By Katie Engesser
Deacon Pedro Angucho’s road to the priesthood was filled with doubts, but as he prepares for his ordination he feels the people from the Brooklyn Diocese have given him confidence to fulfill his vocation.
“I see the presence of God in the people, so that people made me to think ‘yeah, you are going the right way,’” Deacon Pedro said.
His way to God and the priesthood began in Columbia. Though Deacon Pedro is from a small city called La Plata, his family is large. He has ten siblings, and it was one of his brothers who first planted the seed that led to his vocation.
“One of my older brothers, he told me, ‘you should be the priest of the family,’ and he put the idea in my mind,” Deacon Pedro recalled.

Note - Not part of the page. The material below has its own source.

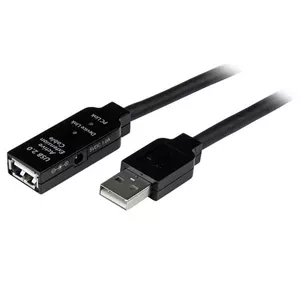 StarTech.com 10m, USB2.0 - USB2.0 USB kabelis USB A Melns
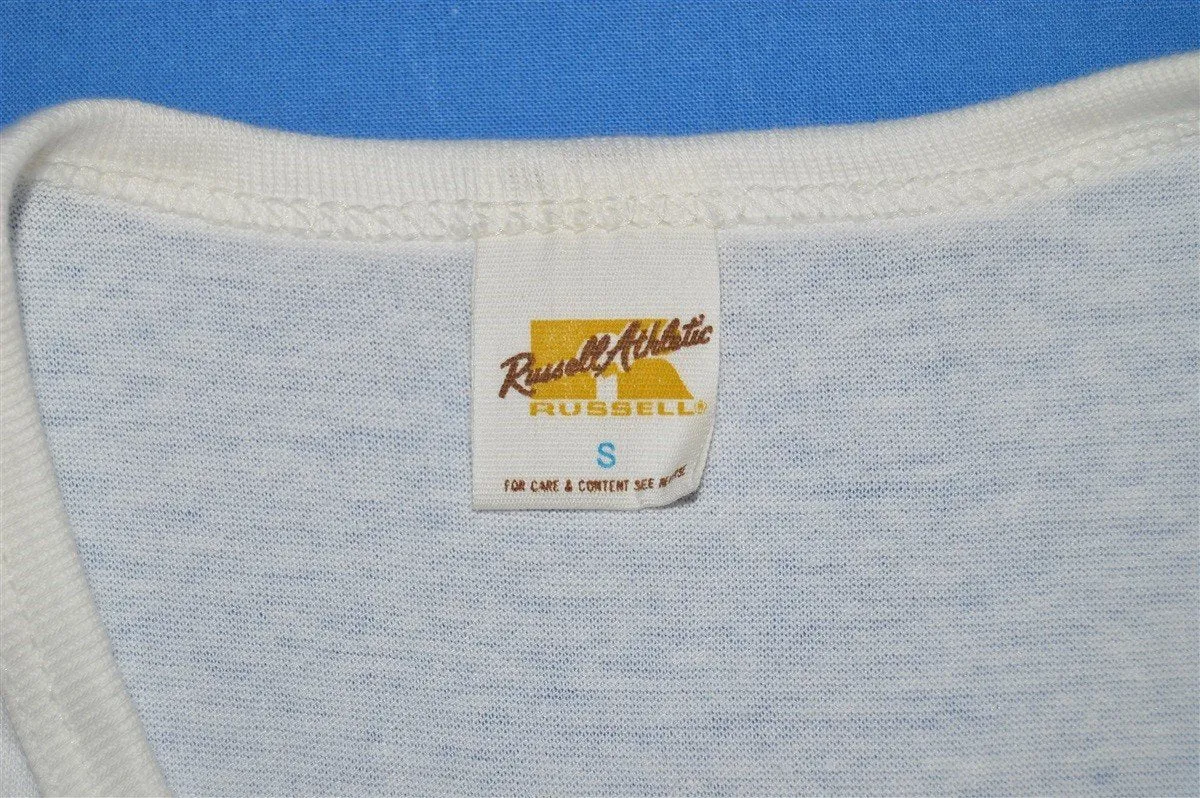 70s Russell Athletic Deadstock Royal Blue Henley t-shirt Extra Small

Since he was just a kid at the time, he thought nothing more of it until he entered high school and a Monsignor from his parish posed a similar question.
“He asked me, ‘are you a seminarian?,’ and I say ‘no, I’m not,” Deacon Pedro remember, “And once again he says, ‘you look like a seminarian no?’ ‘But I’m not.’ And then he told me, ‘but you’ve been thinking about it.’”
The truth was that Deacon Pedro was thinking about the priesthood, and at the urging of that Monsignor he decided to give the seminary a try. But doubt started to creep in, and he wondered if this really was the path God wanted him to follow. After a year, Deacon Pedro left his studies.
“I was afraid, you know?” Deacon Pedro explained.
For years Deacon Pedro went back and forth with his choice, struggling to answer God’s call but fearing that it wasn’t his true vocation. Then a priest from the Archdiocese of New York invited Deacon Pedro to study in America. He asked his Vocation Director what he should do. His answer was a quote by a popular pope and saint: “‘Do not be afraid,’ like John Paul II always said,” Deacon Pedro explained.
And so Deacon Pedro came to study in America, reconnecting with God and falling in love the Brooklyn Diocese. “Everybody was very kind,” he said of the priests and parishioners.
Now, Deacon Pedro is ready to give back to the community that helped him back on the road to the priesthood, and is looking forward to becoming a spiritual father to the people of the Brooklyn Diocese.
“The day that I get to say my first Mass and put my hands like that- that’s the most exciting to me.”